So yesterday, I’m talking to a friend and I mention the Fox news journalists who were kidnapped in Gaza. My friend said something sarcastic like “What a tragedy.”
My response was something like “They could die.”
And my friend said something like “What a loss to the world," again in a sarcastic tone.
I said. “Well, yes, when a reporter is killed for just doing his or her job it IS a loss to the world.”
“But you know they are scumbags…”
The conversation went on in this vein for some time. It took several minutes for my friend to finally admit that a Fox news reporter being killed by terrorists would actually be a bad thing.
This is why I really don’t like news with a built-in slant. It turns us in to jerks.
Studies are inconclusive over whether the mainstream media has a liberal bias. There is a lot of data that points in several different directions on that one. Studies are quite conclusive that members of opposing factions, say Palestinians and Isrealis, can read the same newspaper article and both find it slanted against their own side. I wish people in general had a better understanding of the separation of the editorial section from the news section, though I wish that separation were as complete in every paper as it is at the good ones.

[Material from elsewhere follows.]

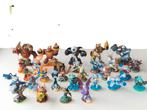 29 skylanders + 2 x portal of power+ skylanders tas + DVDWII, Avontuur en Actie, Ophalen of Verzenden, Zo goed als nieuw, 3 spelers of meer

I've had to explain "The New York Times mostly has different people writing their editorials and their news stories and those kidns of stories are written with different intentions. A liberal editorial page does not equate equally liberal reporting of hard news. These are ideals, but the good papers really do seem to live up to them much of the time" to conservatives several times.
I really worry when people start talking about starting up a liberal news network. Having news shows of every political slant seems like such a direct assault on our critical thinking skills. I already know some conservatives who take a “if it wasn’t reported on MY news, it didn’t happen” attitude. It’s pleasant to be able to write these people off as idiots., though I am far from quick to write conservatives of as idiots unless they say something like that.
It would really piss me off to start hearing that from my own side.
CC
8 comments:
On Tavis Smiley some time ago I saw someone talking about this topic. (I don't remember his name, previous position, or the title of his book...) His premmise was that journalism should have an opinion and not hide that opinion.
I apologize for not have more details, but maybe someone can flesh it out for us.
That would be the counterconclusion to what I said. There are some smart people who think that way and their goal of more baldly stating their biases is to some degree laudable. I disagree with that view, though.
The ideal news consumer looks at every story considering the source already, of course. But we’re not all ideal news consumers. I’m a pretty sophisticated and thoughtful reader, but even I don’t do it all the time.
What I think having slanted news will bring us is people who expect to read only what they want to hear and object when someone tells them different, even when they are being told the truth.
I got an email from someone once who was FURIOUS that NPR was asking people in Iowa why they weren’t voting for Howard Dean around the time of the 2004 Iowa primary. NPR is supposed to be liberal! She’d found out that one to the people doing the asking had gone on to work at Fox news and was convinced that this was a sign that NPR was getting more conservative.
The context this argument leaves out is that though the media loved Dean, he was actually losing Iowa and big time. He in fact came in a very distant third after Kerry and Gephardt. That people weren’t voting for Dean was actually pretty groundbreaking news in the days before the election because the media had hyped him so much. I don’t listen to NPR and I recall being absolutely blown away that Dean lost by such a huge percentage.
Yet this person was very angry that the liberal station would dare to tell what was for her an unpleasant truth.
This isn’t cool, y’all. News will never be totally unbiased, but we need news that is doing it’s best to state the facts and let people make up their own minds.
CC
CPB info.
But we no longer have ANY news that is "doing its best to be unbiased". They are all highly biased, and not necessarily honest about what that bias is.
And I don't think your info about Air America is correct. People do listen to it. And it does not claim to be unbiased, or news.
Yes, people DO listen to it, and their opinions, like those of UU's, vary a lot. For example, this year two liberal-religious programs have begun on Air America, and have already featured interviews with at least four prominent UU's, including Bill Sinkford.
In other words, although some of the AAR programs lean toward "rant" formats, others do not. Many of us who regularly listen to Air America have no hatred nor ill-will whatsoever toward the employees of Fox News, no matter how much we may disagree with its harmful and blatantly-biased programming. FYI...anyone interested in the "State of Belief" and "The Time is Now" programs can find out more about them from the AAR website.
Recently, I read Katharine Graham's "Personal History". I'm afraid I'm going to have to paraphrase, but IIRC, she said that journalism's job was not just to report the news, but also to do something about it. If they thought there was a wrong somewhere, they ought to do something to correct it, not just blather about.
Coming from -- IMHO -- one of the bastions of liberal journalism, that says a lot to me, particularly because it's not what's happening now.
And now that I've found the exact quote...
"In general, the press now sees its role as covering an issue like world hunger and commenting on it editorially, rather than being a participant in trying to alleviate it."